On his twitter profile, Mr Nehlen said he is driven by “coffee and optimism”.
“I have been honoured and privileged and humbled to spend time with mothers who have lost their beautiful American children to illegal immigrant violence, enabled by sanctuary cities, which Paul Ryan has funded, and allowed in by open borders that Paul Ryan has left open,” he continued in the video.
— Paul Nehlen (@pnehlen) August 6, 2016
At a rally in Janesville, Wisconsin, at the weekend, he welcomed right-wing columnist and author Ann Coulter to the stage. Ms Coulter said the US could “save loads of money on Muslim vetting/surveillance/resettlements costs”.
Mr Ryan, although he endorsed Mr Trump, has publicly opposed the ban on Muslims as recently as June this year, some seven months after Mr Trump first proposed it after the terrorist attacksin November 2015.
Mr Trump has defended his proposal many times since November, pointing to so-called terrorist and Isis-related or inspired attacks in San Bernardino, Istanbul, Paris and Brussels.
The subject of anti-Muslim sentiment gained traction around the time of the party’s convention after Khizr and Ghazala Khan, parents of a fallen Muslim solder in the Iraq War, spoke at the Democratic National Convention and urged Mr Trump not to smear Muslims’ characters and to read the US Constitution.

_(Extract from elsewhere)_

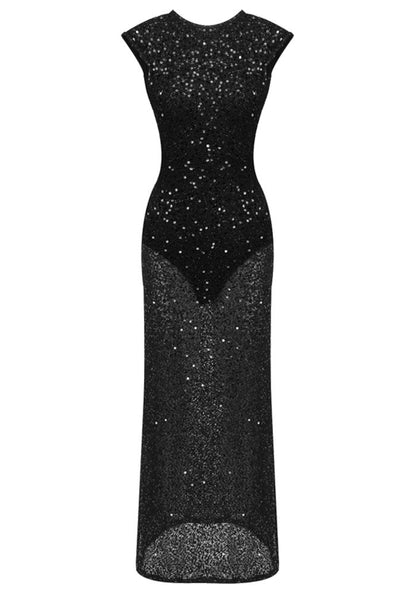 Muñoz Fashion Round Neck Sequin Bodycon Black Maxi Dress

On the Chicago radio show, Mr Nehlen said circumstances had changed since Humayun Khan died serving his country.
“More Muslim Americans – 20 – have been killed since 9/11 fighting for Isis than have been killed fighting for America,” he said.
Mental health research has discovered that an increasing number of America’s 3.3 million Muslims are suffering trauma due to Donald Trump’s anti-Muslim rhetoric.
A total of 89 per cent of 200 participants reported that Islamophobia during the 2016 presidential election caused “some” or “extreme” negative impact on them and their families, as reported by the Observer.